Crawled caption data
++++
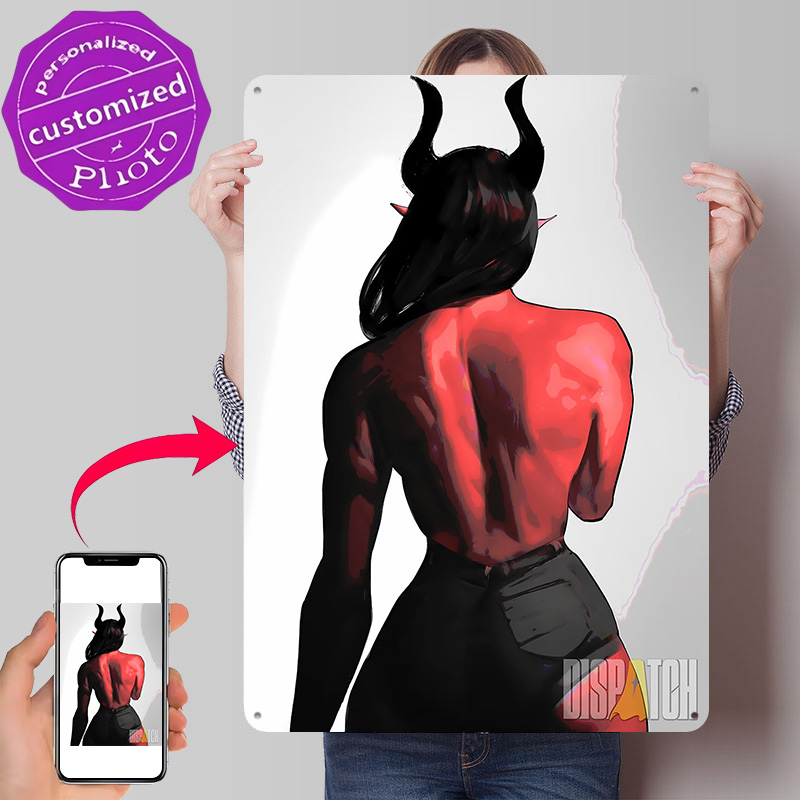 Poster in Metallo 3D Testurizz - Women Accessories Poster recensione e prezzo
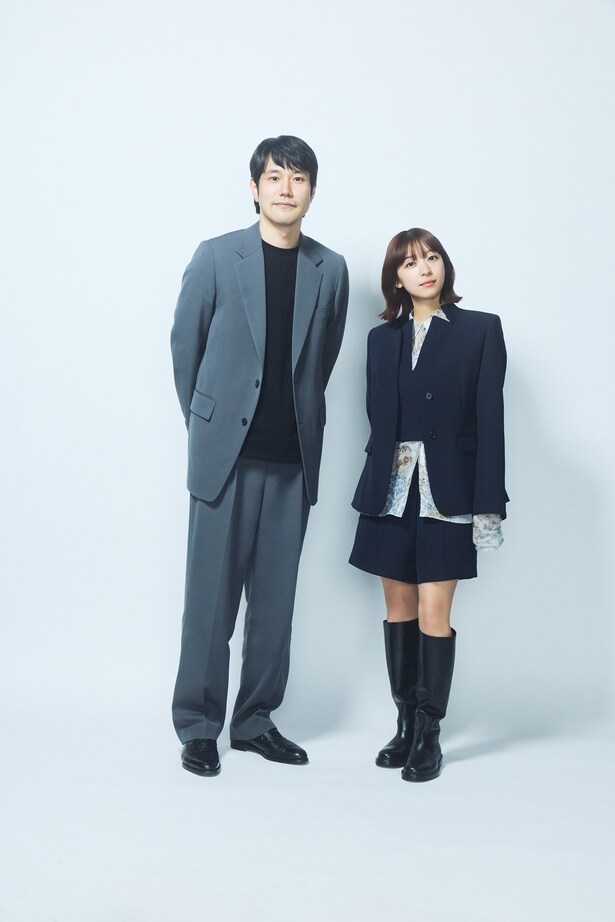 「テミスの不確かな法廷」出演中の松山ケンイチ、鳴海唯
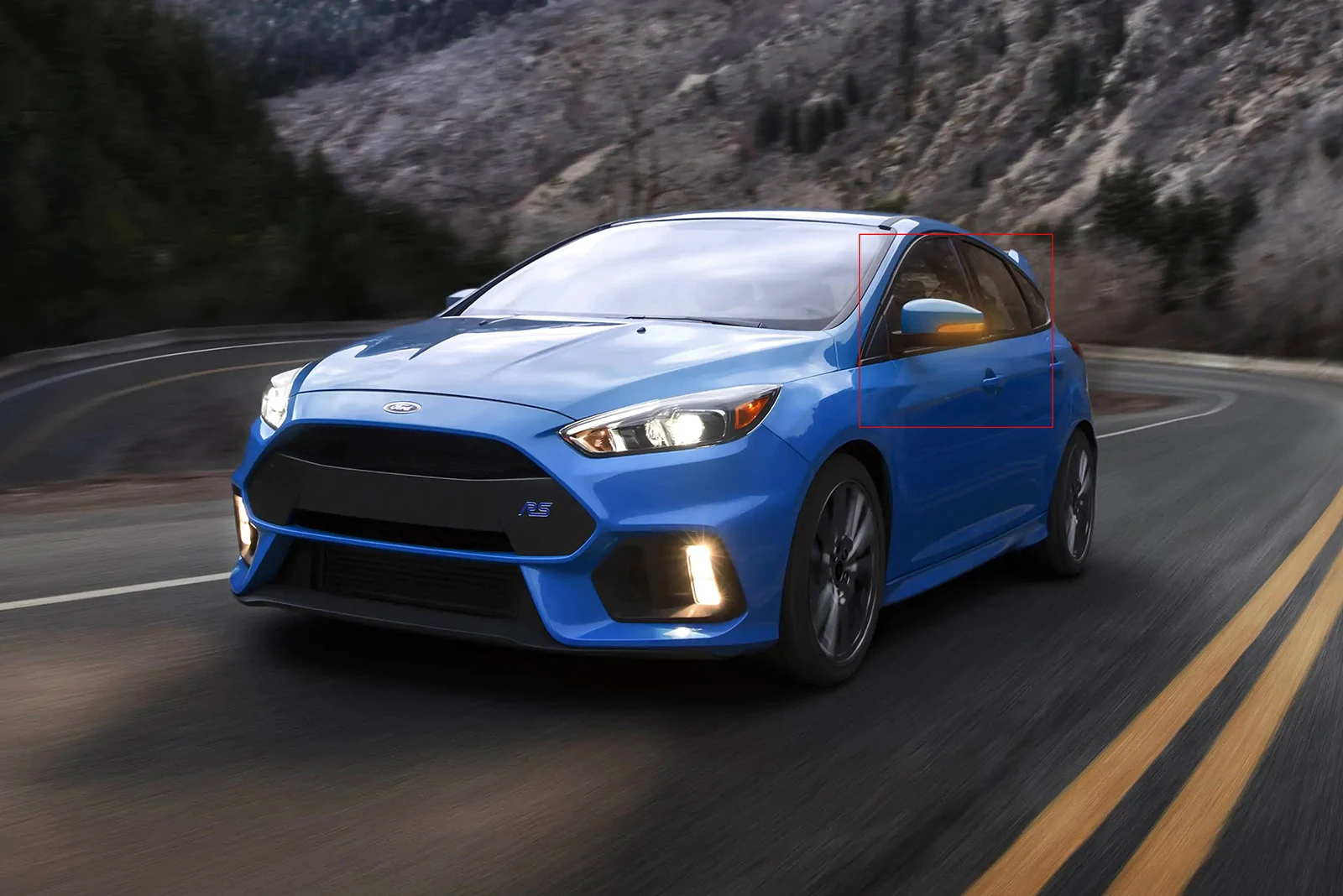 ANGRONG Динамический светодиодный боковое зеркало индикатор сигнала поворота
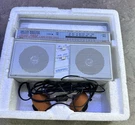 Sound Stage Am/fm Stereo Portable Radio Model TP-100 In Box Tested Works. Fixed Price $29.99.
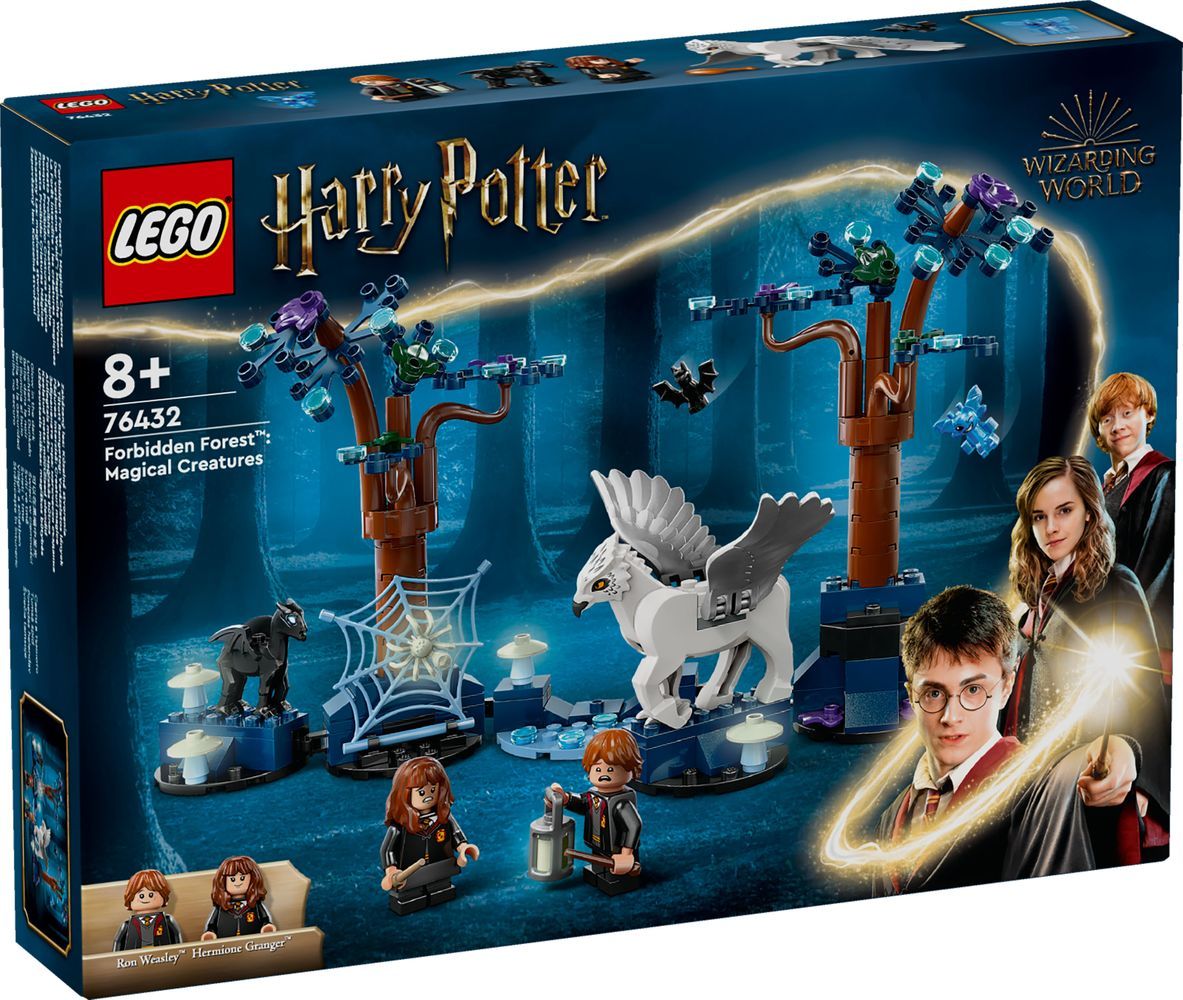 LEGO® Harry Potter 76432 Der verbotene Wald™: Magische Wesen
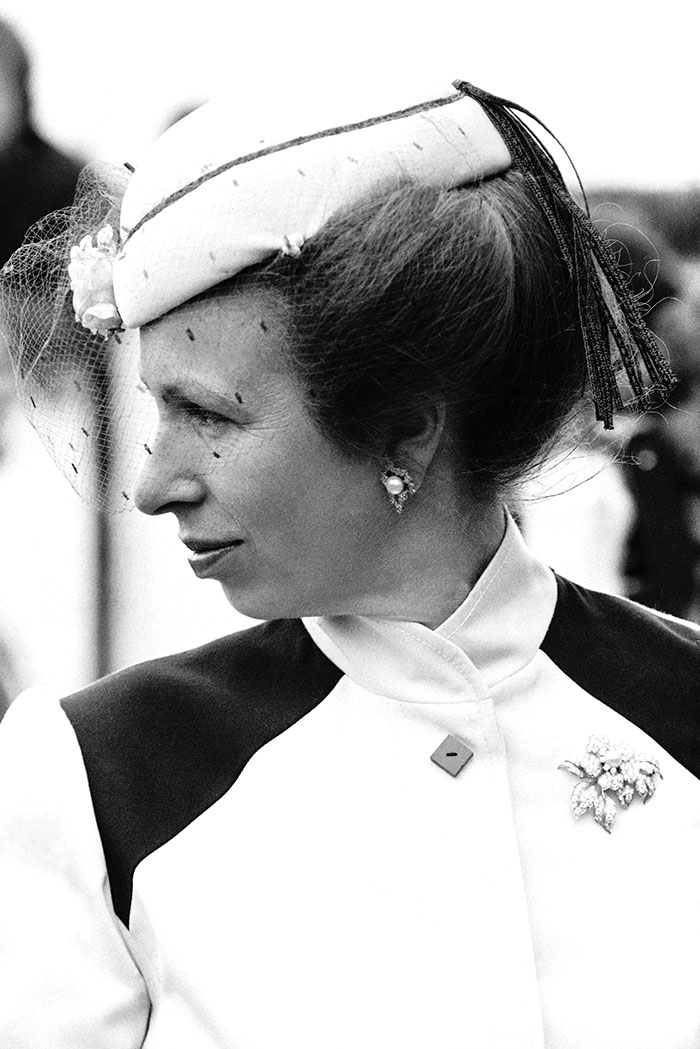 Princesa Ana de Inglaterra en Ascot 1985 / Gtres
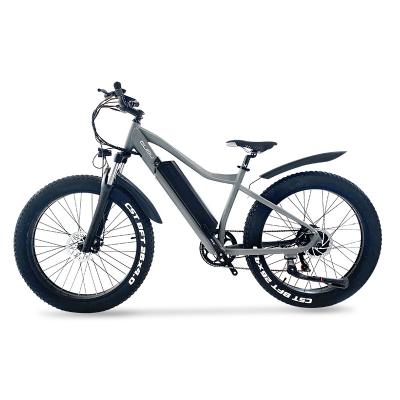 China Aluminum Alloy Full Suspension Fat Tire Dirt E Bike Motor Hybrid Moped ECE Electric Bicycles 1000W 48V Mountain Bike for sale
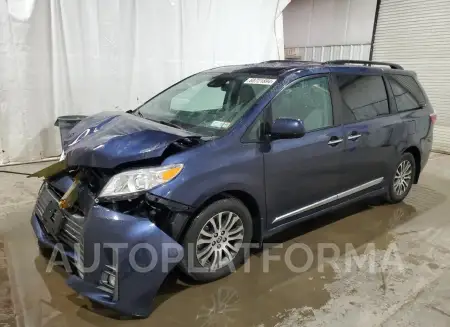 TOYOTA SIENNA XLE 2020 vin 5TDYZ3DC3LS085822 from auto auction Copart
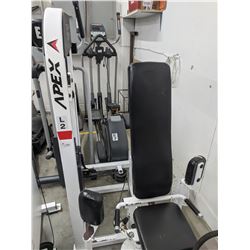 Apex Inner/Outer Thigh Strength Machine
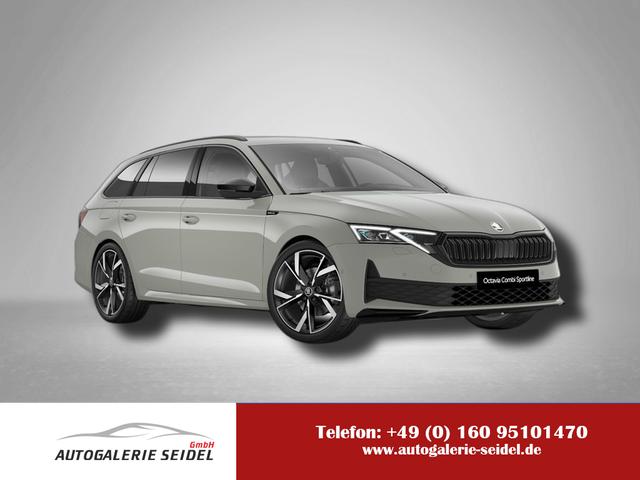 Skoda Octavia Combi - Sportline 2.0 TSI 7-Gang-DSG 4x4
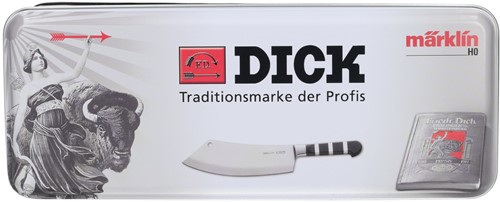Märklin 48121 H0 - Gesloten Goederenwagen ‘Dick’ met Mesje Museumwagen 2021 DB-2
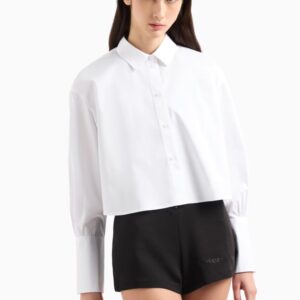 Camisa cropped ARMANI EXCHANGE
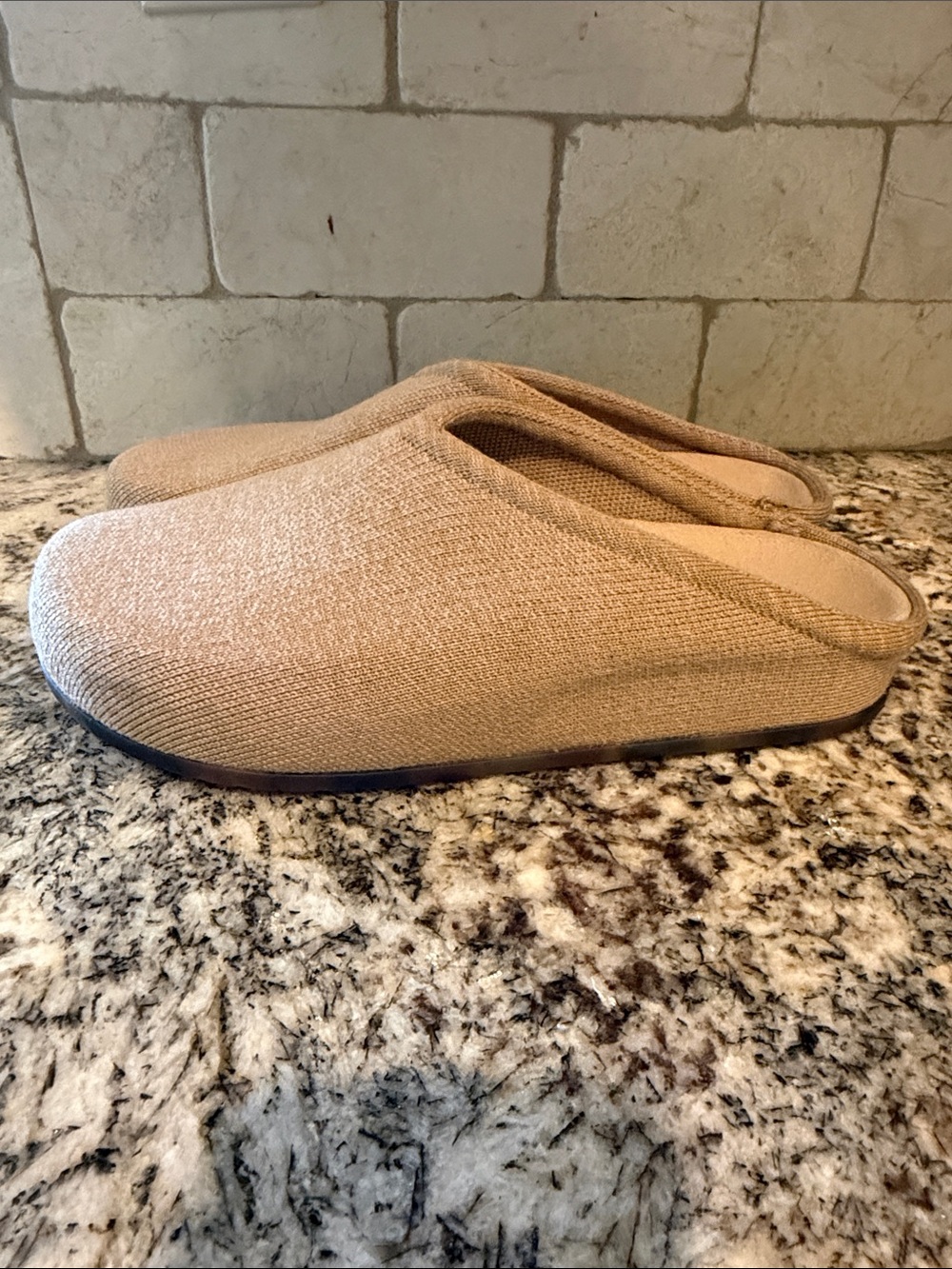Rothy's Cozy Slip-On Shoes in Butternut - Picture 7 of 11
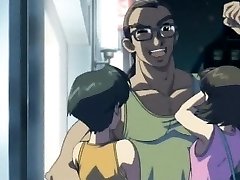 Mature hentai babe fucks nubile huge shaft Mature hentai babe fucks nubile huge shaft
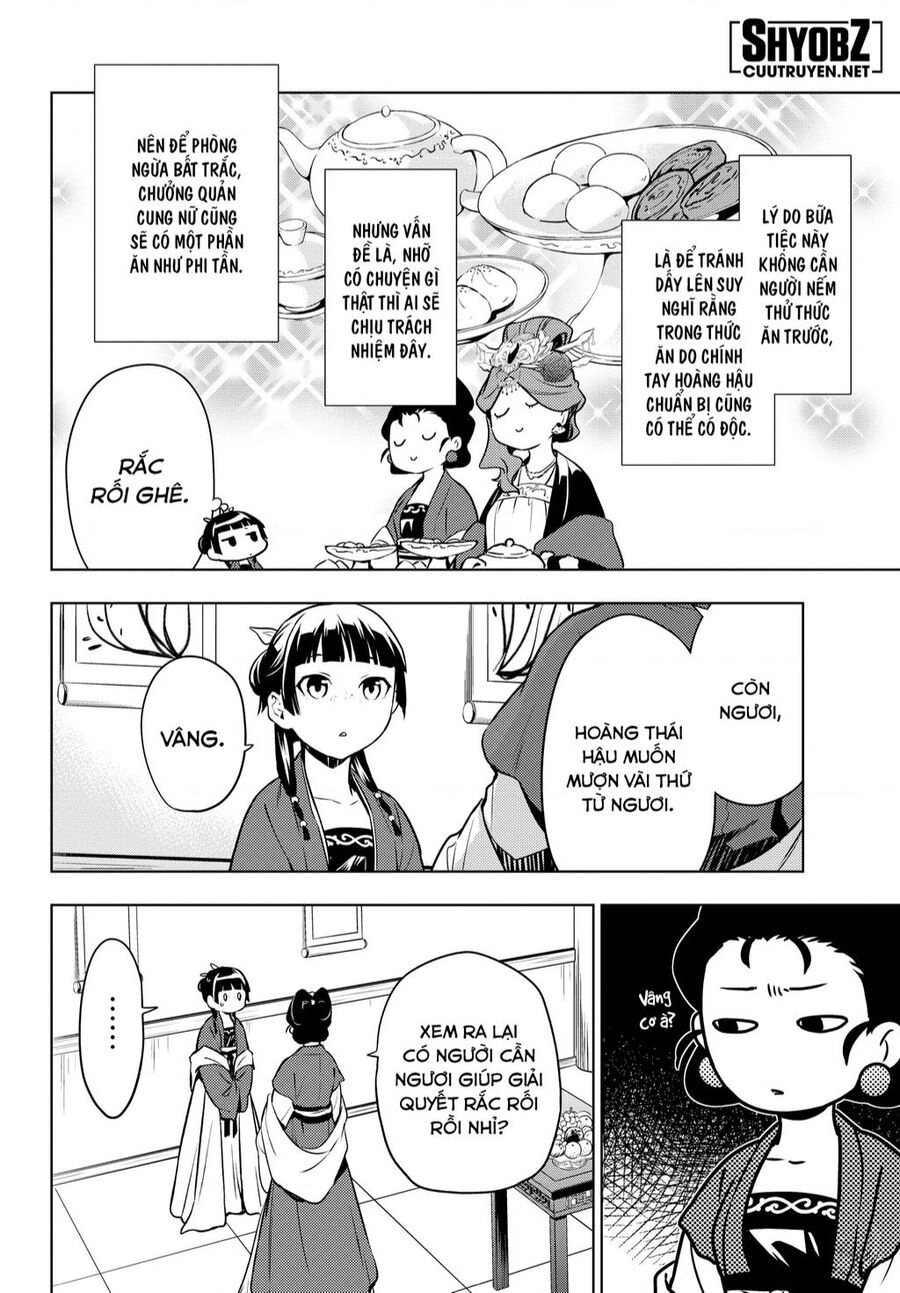 Độc Thoại Của Người Dược Sĩ Chapter 55.5 - 26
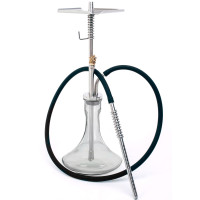 Кальян Trumpet Hookah Wolf Silver 60 см
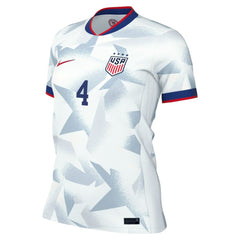 Naomi Girma USWNT Women's 2025 Home Replica Player Jersey White - Nike on sale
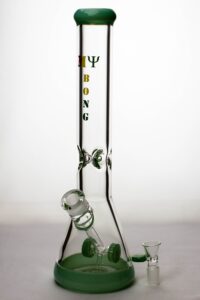 16" Cannon Diffuser Glass Water Bong | Bongs For Sale | Free NZ Shipping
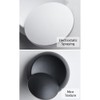 LED Wall Lamp 360 Degree Rotatable Round Crescent Wall Light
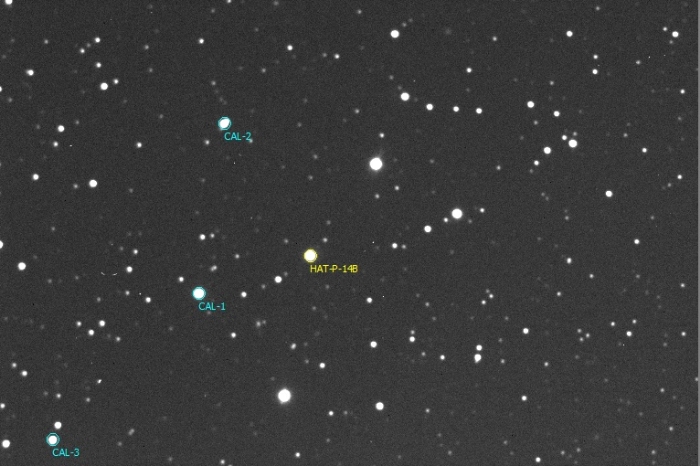 Mapka - HAT-P-14, JD 2458998.47053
++++
• _Work request_
Take the line that contains "Märklin 48121 H0" and every line after it up to the end of the records above, and restate them exactly, without the pictures.

• _Response_
Märklin 48121 H0 - Gesloten Goederenwagen ‘Dick’ met Mesje Museumwagen 2021 DB-2
 Camisa cropped ARMANI EXCHANGE
Rothy's Cozy Slip-On Shoes in Butternut - Picture 7 of 11
 Mature hentai babe fucks nubile huge shaft Mature hentai babe fucks nubile huge shaft
 Độc Thoại Của Người Dược Sĩ Chapter 55.5 - 26
 Кальян Trumpet Hookah Wolf Silver 60 см
 Naomi Girma USWNT Women's 2025 Home Replica Player Jersey White - Nike on sale
 16" Cannon Diffuser Glass Water Bong | Bongs For Sale | Free NZ Shipping
 LED Wall Lamp 360 Degree Rotatable Round Crescent Wall Light
 Mapka - HAT-P-14, JD 2458998.47053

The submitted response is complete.